* [WHAT YOU ARE ASKED TO DO]: Under this line are the records; write out word for word the part that begins at the line containing "gmaps.js Plugin jQuery" and ends at the line containing "Contemporary Spalted Tamarind", and no more.

* [Web page caption snippets]:
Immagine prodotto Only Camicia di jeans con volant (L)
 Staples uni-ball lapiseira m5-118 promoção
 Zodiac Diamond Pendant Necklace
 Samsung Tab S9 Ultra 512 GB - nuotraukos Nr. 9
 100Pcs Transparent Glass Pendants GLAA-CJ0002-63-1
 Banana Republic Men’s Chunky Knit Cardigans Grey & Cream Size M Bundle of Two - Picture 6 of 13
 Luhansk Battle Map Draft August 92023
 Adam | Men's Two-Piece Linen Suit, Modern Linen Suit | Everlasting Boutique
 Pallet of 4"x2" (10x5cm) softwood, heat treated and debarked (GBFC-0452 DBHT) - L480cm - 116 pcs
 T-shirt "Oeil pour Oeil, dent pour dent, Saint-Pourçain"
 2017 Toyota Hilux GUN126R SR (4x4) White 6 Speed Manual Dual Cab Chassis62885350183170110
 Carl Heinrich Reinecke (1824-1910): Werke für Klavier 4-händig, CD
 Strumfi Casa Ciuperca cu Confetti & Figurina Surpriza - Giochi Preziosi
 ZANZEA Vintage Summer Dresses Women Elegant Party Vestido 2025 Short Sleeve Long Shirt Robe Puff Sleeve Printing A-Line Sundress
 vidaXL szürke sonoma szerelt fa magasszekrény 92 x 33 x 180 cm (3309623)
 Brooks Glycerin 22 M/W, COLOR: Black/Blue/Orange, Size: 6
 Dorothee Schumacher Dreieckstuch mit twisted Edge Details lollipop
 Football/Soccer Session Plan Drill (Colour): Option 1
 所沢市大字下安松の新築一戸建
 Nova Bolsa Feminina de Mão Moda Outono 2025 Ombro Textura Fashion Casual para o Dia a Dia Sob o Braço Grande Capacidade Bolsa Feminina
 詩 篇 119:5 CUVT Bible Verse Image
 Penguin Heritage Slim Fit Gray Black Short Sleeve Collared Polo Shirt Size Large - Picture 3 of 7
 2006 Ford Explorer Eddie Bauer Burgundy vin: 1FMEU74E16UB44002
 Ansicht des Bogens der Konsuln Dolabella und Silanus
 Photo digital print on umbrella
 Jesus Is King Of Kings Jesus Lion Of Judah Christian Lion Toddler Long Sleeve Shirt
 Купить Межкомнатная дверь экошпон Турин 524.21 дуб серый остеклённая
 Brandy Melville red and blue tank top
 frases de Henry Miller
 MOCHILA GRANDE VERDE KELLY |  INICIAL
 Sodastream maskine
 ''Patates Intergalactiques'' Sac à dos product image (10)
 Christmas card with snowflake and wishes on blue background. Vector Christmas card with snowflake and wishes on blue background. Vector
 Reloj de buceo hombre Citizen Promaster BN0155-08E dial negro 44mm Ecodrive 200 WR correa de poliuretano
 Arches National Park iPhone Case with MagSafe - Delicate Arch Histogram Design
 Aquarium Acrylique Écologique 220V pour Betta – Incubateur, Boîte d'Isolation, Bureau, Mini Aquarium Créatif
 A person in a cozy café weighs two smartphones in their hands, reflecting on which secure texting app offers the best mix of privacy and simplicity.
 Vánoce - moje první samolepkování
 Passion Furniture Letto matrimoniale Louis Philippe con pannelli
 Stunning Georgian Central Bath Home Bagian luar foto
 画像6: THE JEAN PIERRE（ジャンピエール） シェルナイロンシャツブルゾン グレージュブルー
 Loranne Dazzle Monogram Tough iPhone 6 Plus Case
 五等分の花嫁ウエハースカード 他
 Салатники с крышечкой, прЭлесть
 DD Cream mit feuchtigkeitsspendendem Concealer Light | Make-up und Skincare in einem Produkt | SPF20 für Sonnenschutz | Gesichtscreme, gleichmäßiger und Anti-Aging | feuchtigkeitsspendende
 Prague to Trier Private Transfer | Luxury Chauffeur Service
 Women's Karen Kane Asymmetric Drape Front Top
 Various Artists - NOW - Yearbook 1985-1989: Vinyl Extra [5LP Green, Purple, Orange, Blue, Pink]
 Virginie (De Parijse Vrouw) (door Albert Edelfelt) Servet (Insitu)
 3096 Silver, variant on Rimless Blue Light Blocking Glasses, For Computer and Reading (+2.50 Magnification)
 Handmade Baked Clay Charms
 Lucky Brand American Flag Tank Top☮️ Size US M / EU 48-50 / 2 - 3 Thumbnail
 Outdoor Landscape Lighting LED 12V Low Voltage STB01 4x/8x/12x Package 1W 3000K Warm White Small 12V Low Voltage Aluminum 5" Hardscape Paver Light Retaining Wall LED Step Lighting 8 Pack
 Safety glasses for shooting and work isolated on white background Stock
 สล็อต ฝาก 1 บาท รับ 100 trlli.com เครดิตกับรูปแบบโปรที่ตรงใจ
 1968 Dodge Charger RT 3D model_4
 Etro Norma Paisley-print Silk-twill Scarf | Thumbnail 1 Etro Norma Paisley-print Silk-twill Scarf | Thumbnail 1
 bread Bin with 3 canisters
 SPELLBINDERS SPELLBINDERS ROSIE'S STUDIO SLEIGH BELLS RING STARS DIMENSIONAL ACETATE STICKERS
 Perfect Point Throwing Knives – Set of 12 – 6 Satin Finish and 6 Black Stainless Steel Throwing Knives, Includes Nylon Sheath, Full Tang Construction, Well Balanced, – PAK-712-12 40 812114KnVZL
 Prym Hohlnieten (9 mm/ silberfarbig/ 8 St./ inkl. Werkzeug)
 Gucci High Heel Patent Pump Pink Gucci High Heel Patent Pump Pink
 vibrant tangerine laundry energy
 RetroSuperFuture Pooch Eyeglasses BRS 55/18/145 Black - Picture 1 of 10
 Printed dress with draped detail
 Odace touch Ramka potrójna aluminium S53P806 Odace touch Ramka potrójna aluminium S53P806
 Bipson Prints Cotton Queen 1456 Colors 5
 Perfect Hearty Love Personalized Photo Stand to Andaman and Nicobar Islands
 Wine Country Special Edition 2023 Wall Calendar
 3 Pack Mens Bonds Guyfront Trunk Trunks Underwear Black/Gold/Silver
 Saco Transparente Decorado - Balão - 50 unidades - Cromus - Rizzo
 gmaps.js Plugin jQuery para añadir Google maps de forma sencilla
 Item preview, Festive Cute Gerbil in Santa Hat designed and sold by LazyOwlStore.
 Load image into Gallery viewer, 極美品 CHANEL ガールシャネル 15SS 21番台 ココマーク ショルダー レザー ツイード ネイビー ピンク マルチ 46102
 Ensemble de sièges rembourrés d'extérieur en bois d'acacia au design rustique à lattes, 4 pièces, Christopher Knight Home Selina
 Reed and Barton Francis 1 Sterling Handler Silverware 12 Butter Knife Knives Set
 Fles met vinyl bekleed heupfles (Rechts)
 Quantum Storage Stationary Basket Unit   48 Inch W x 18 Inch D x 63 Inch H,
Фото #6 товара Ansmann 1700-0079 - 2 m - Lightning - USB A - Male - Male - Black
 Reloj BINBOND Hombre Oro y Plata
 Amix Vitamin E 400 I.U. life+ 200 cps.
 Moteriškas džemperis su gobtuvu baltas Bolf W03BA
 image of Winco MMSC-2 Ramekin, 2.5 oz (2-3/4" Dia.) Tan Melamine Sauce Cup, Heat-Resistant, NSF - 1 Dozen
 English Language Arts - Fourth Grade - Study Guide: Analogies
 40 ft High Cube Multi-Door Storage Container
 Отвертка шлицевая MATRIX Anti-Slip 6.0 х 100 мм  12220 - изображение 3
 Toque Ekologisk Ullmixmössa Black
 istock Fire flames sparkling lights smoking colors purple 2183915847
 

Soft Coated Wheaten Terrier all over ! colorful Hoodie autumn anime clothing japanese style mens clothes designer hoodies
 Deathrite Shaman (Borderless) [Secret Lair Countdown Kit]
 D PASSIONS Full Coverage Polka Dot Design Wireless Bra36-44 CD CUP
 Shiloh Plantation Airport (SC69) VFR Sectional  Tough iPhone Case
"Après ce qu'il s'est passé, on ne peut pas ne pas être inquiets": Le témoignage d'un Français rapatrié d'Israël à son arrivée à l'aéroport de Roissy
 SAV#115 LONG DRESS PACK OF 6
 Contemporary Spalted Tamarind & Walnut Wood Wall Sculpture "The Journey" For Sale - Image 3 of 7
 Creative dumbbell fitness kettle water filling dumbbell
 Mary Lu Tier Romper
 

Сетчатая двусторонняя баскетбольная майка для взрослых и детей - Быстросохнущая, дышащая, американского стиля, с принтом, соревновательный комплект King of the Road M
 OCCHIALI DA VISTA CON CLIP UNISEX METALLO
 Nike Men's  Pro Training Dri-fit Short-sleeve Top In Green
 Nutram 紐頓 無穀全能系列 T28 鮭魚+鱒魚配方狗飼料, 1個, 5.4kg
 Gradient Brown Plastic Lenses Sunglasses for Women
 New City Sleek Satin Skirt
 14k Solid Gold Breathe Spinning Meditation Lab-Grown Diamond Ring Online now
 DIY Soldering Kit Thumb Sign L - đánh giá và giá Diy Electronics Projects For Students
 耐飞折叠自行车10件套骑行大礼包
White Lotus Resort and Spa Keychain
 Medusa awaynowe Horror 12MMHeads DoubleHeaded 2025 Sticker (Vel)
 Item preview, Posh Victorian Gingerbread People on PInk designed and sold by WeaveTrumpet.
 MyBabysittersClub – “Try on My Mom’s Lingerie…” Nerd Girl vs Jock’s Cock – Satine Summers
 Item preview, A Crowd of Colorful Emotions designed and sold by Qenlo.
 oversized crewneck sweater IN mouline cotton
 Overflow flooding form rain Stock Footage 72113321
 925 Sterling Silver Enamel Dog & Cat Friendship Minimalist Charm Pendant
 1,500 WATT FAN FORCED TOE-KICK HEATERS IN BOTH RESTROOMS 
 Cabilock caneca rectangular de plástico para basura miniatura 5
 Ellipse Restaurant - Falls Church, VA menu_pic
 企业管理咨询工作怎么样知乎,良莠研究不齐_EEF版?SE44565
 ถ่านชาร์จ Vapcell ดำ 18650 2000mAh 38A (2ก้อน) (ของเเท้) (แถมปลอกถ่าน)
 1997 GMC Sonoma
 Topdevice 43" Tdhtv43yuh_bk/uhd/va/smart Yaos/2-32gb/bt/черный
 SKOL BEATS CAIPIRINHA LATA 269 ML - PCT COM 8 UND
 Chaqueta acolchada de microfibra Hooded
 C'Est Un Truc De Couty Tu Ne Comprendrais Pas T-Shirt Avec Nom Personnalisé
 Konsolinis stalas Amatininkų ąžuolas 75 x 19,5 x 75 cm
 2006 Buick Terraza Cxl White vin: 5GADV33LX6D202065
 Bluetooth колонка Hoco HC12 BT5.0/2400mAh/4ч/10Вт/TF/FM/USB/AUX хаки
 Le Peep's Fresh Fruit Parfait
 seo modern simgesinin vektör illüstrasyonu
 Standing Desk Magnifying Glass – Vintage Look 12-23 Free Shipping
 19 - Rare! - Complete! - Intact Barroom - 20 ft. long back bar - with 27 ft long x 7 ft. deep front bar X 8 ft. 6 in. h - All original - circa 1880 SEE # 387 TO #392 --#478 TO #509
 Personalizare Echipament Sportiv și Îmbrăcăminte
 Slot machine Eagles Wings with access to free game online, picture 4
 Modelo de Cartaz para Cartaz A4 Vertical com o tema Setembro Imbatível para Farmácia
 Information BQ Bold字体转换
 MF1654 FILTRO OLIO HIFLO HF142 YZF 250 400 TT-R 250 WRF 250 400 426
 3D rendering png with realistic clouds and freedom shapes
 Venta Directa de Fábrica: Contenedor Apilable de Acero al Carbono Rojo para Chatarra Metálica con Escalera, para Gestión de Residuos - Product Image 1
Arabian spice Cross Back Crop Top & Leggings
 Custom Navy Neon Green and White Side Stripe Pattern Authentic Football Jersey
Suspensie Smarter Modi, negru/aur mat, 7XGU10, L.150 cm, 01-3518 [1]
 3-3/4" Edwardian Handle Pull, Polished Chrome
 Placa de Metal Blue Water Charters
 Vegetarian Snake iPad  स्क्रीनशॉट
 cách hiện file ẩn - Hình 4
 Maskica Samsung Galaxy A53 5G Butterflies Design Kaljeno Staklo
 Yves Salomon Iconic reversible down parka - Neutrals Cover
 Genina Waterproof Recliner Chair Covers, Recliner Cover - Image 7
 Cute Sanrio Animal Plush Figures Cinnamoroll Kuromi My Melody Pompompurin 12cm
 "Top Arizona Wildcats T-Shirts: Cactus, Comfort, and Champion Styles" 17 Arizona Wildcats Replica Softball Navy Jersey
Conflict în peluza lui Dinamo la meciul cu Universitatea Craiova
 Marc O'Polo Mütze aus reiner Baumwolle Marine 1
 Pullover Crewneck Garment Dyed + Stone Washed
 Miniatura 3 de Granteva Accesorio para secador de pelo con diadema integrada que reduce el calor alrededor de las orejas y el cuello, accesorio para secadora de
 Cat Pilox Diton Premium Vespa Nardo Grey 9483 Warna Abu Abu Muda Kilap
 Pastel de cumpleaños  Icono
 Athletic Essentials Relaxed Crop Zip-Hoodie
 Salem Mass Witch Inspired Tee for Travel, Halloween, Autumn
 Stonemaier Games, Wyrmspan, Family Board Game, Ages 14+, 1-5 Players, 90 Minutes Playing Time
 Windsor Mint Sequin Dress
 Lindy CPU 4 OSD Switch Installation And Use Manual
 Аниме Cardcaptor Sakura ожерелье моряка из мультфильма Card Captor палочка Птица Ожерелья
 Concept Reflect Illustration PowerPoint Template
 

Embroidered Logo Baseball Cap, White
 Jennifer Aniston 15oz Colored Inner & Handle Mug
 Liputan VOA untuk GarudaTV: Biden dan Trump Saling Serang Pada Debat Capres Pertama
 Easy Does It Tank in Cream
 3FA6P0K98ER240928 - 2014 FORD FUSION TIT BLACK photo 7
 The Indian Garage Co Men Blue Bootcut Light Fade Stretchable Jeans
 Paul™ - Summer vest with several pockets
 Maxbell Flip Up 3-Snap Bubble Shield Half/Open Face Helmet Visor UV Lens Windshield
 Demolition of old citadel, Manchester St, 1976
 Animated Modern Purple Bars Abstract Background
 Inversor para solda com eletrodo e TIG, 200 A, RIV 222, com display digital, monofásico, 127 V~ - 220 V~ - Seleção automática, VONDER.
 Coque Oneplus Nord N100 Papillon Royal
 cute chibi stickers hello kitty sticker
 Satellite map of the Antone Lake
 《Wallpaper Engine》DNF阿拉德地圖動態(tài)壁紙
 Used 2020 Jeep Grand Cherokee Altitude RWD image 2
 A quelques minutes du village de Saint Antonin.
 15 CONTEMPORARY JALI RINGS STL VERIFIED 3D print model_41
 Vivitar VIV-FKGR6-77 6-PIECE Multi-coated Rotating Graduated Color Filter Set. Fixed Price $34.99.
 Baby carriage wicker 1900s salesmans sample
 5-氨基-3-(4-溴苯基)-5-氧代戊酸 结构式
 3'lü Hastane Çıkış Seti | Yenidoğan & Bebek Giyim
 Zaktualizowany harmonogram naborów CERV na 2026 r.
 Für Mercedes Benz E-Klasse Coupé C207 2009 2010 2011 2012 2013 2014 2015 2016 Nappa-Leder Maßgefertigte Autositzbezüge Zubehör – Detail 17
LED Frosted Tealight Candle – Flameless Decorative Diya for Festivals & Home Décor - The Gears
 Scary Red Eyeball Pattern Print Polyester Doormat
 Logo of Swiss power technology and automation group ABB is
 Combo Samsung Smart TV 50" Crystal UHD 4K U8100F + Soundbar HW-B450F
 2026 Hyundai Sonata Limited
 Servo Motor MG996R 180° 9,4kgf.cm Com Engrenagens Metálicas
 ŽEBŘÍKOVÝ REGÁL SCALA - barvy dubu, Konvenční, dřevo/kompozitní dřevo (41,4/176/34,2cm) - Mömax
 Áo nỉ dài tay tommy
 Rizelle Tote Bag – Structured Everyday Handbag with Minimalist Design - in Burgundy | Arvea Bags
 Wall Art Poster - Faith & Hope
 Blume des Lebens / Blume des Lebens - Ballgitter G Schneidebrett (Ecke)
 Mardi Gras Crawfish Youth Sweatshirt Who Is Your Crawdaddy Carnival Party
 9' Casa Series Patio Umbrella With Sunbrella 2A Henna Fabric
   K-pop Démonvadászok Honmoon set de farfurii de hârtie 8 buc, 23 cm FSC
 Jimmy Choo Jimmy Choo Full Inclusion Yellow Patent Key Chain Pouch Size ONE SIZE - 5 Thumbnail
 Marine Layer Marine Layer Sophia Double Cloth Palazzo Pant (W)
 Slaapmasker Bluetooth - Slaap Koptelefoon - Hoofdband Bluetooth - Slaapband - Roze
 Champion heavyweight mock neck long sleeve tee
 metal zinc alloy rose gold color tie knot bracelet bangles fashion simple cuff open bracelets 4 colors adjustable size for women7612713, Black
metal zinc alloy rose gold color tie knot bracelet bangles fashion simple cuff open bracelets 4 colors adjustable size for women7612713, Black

* [WRITTEN RESPONSE]:
 gmaps.js Plugin jQuery para añadir Google maps de forma sencilla
 Item preview, Festive Cute Gerbil in Santa Hat designed and sold by LazyOwlStore.
 Load image into Gallery viewer, 極美品 CHANEL ガールシャネル 15SS 21番台 ココマーク ショルダー レザー ツイード ネイビー ピンク マルチ 46102
 Ensemble de sièges rembourrés d'extérieur en bois d'acacia au design rustique à lattes, 4 pièces, Christopher Knight Home Selina
 Reed and Barton Francis 1 Sterling Handler Silverware 12 Butter Knife Knives Set
 Fles met vinyl bekleed heupfles (Rechts)
 Quantum Storage Stationary Basket Unit   48 Inch W x 18 Inch D x 63 Inch H,
Фото #6 товара Ansmann 1700-0079 - 2 m - Lightning - USB A - Male - Male - Black
 Reloj BINBOND Hombre Oro y Plata
 Amix Vitamin E 400 I.U. life+ 200 cps.
 Moteriškas džemperis su gobtuvu baltas Bolf W03BA
 image of Winco MMSC-2 Ramekin, 2.5 oz (2-3/4" Dia.) Tan Melamine Sauce Cup, Heat-Resistant, NSF - 1 Dozen
 English Language Arts - Fourth Grade - Study Guide: Analogies
 40 ft High Cube Multi-Door Storage Container
 Отвертка шлицевая MATRIX Anti-Slip 6.0 х 100 мм  12220 - изображение 3
 Toque Ekologisk Ullmixmössa Black
 istock Fire flames sparkling lights smoking colors purple 2183915847
 

Soft Coated Wheaten Terrier all over ! colorful Hoodie autumn anime clothing japanese style mens clothes designer hoodies
 Deathrite Shaman (Borderless) [Secret Lair Countdown Kit]
 D PASSIONS Full Coverage Polka Dot Design Wireless Bra36-44 CD CUP
 Shiloh Plantation Airport (SC69) VFR Sectional  Tough iPhone Case
"Après ce qu'il s'est passé, on ne peut pas ne pas être inquiets": Le témoignage d'un Français rapatrié d'Israël à son arrivée à l'aéroport de Roissy
 SAV#115 LONG DRESS PACK OF 6
 Contemporary Spalted Tamarind & Walnut Wood Wall Sculpture "The Journey" For Sale - Image 3 of 7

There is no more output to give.